### Task
Everything from the line containing "2014 Airstream International" through the end of the entries should be output exactly; nothing before it is wanted.

### Extracted information

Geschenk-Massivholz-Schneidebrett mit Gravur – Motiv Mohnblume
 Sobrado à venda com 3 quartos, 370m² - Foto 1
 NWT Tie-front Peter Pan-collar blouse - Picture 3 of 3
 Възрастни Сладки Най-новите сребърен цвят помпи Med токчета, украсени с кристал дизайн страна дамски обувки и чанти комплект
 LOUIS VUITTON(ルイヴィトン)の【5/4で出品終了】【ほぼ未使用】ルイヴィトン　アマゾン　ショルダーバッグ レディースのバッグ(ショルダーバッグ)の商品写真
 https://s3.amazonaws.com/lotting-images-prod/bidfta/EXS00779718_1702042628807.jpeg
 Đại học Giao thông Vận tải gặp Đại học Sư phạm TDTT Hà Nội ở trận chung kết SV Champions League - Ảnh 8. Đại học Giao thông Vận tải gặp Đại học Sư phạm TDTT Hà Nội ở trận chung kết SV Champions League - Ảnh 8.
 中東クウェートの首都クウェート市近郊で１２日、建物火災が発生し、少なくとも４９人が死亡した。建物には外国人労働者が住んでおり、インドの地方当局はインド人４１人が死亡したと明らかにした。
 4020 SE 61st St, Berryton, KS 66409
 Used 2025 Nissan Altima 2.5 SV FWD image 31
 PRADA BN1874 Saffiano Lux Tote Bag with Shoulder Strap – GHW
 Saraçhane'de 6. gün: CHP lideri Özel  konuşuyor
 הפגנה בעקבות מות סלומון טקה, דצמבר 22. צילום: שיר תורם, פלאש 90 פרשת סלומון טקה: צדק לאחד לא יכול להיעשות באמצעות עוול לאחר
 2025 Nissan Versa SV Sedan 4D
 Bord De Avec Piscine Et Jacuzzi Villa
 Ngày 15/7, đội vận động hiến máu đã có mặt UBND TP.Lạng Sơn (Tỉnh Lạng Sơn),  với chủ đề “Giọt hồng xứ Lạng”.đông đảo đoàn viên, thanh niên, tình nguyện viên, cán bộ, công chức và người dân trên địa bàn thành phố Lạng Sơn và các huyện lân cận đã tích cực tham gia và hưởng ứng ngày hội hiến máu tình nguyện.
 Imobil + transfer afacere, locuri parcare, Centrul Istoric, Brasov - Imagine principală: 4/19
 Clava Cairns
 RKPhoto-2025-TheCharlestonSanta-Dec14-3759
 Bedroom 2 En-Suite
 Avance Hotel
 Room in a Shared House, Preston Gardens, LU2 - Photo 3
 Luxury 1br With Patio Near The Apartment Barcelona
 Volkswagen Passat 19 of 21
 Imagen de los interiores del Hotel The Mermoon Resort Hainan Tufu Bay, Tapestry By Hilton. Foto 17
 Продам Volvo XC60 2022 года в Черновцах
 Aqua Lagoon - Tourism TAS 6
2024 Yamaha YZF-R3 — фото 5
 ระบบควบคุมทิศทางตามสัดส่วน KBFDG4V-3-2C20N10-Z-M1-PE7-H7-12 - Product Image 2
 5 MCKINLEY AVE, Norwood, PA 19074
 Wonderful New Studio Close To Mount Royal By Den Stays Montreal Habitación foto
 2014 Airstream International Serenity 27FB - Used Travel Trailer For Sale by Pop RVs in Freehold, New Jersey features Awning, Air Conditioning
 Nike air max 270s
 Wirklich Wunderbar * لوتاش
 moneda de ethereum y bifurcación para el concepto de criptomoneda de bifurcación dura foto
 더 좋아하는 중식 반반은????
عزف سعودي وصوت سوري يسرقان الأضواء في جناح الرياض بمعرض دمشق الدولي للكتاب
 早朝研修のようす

### Problem solution
 2014 Airstream International Serenity 27FB - Used Travel Trailer For Sale by Pop RVs in Freehold, New Jersey features Awning, Air Conditioning
 Nike air max 270s
 Wirklich Wunderbar * لوتاش
 moneda de ethereum y bifurcación para el concepto de criptomoneda de bifurcación dura foto
 더 좋아하는 중식 반반은????
عزف سعودي وصوت سوري يسرقان الأضواء في جناح الرياض بمعرض دمشق الدولي للكتاب
 早朝研修のようす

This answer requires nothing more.